The online movie-rental pioneer, citing patent infringement, asks a court to shut its newer rival and order damages.

April 05, 2006|Claire Hoffman | Times Staff Writer

The largest mail-order movie-rental service sued the world's largest video-rental chain Tuesday saying, in essence, that when it comes to no late fees, imitation isn't flattering.

Netflix Inc. accused Blockbuster Inc. of patent infringement, alleging that its online site illegally copied Netflix's method of allowing customers to order videos over the Internet.

Netflix asked a federal judge in San Francisco to shut down the 20-month-old It also seeks unspecified damages.

Among the Netflix innovations that Blockbuster allegedly copied: no late fees on movie rentals, allowing customers to get a new DVD as soon as they return one, and the online dynamic queue -- a wish list for movies that subscribers can use to prioritize which films they want when.

"It seems obvious because Netflix has made it obvious," said Steve Swasey, a spokesman for Netflix, which was founded in 1999. "We've filed suit to protect our invention. Netflix has built a better mousetrap and Blockbuster copied it."
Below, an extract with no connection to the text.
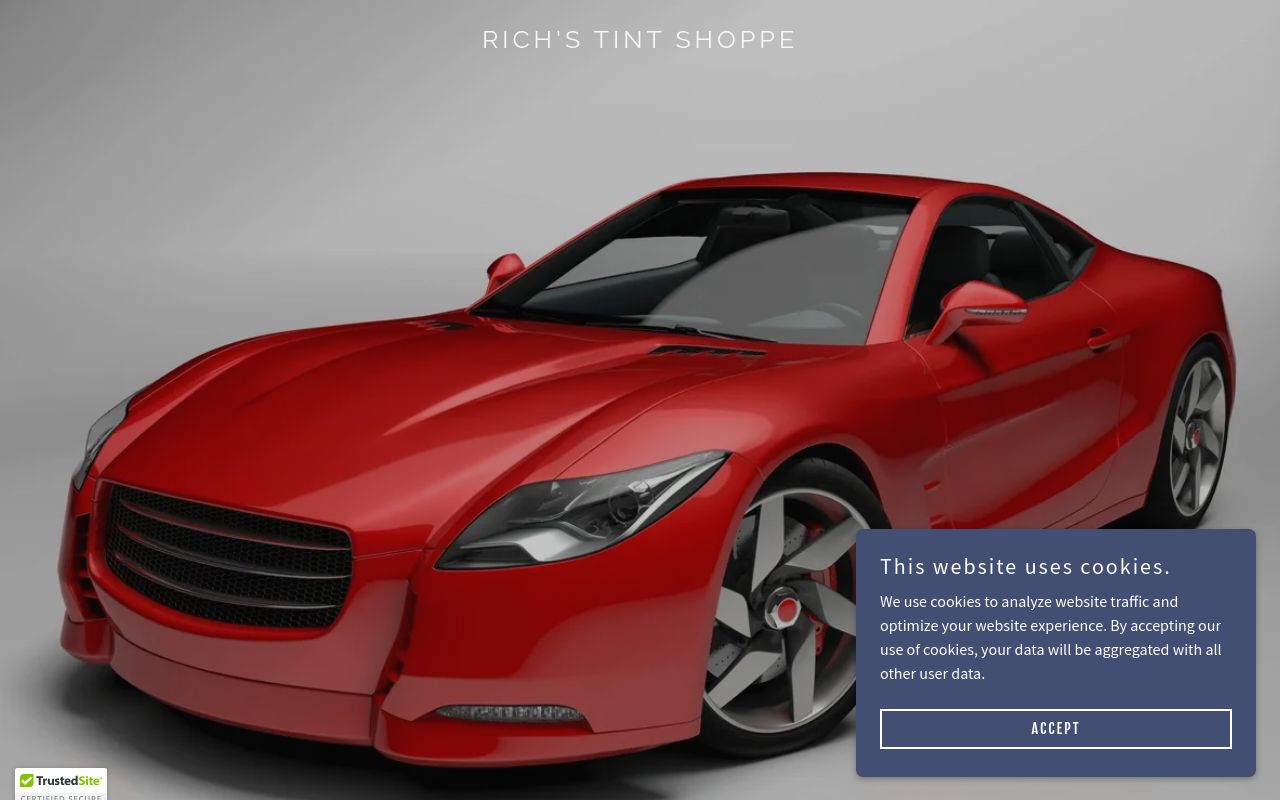 Homepage of Rich's Tint Shoppe's website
A spokesman for Blockbuster said the company had not yet been served with court papers so it could not comment.

Based in Los Gatos, Calif., Netflix has steadily increased the number of its customers, reaching 4.2 million by the end of 2005. Subscribers pay a monthly service fee for unlimited movie rentals, choosing from about 55,000 titles including Hollywood action flicks and foreign-made cult films.

Sending out 7 million movies a month, the company is one of the U.S. Postal Service's highest volume customers.

Netflix holds two U.S. patents for its business method. The first, granted in 2003, covers the way Netflix customers select and receive several movies at a time, and then return them for more titles.

The second, issued Tuesday, "covers a method for subscription-based online rental that allows subscribers to keep the DVDs they rent for as long as they wish without incurring any late fees, to obtain new DVDs without incurring additional charges and to prioritize and reprioritize their own personal dynamic queue," the lawsuit said.

Blockbuster began its online rental service in August 2004. Like Netflix, its most popular plan is $17.99 a month, for three movies at a time. By the end of 2005, the Dallas-based company said it had about 1.2 million subscribers.

Blockbuster said last month that it hoped to increase its online customers to 2 million by the end of this year. At the same time it plans to close between 100 and 150 of its stores. Blockbuster posted a net loss of $588.1 million for 2005.

Netflix reported $41.9 million net income for 2005.

One expert in patent infringement said the case was similar to other suits in recent years that have dealt with unique ideas created for doing business online.

"With business method patents, we once again see how the courts and the laws struggle with emerging technology," said Pamela Banner Krupka, whose private Los Angeles-based practice specializes in patent work.

Shares for Blockbuster fell 8 cents, or 2.1%, to $3.80. Netflix shares closed down 72 cents to $27.41.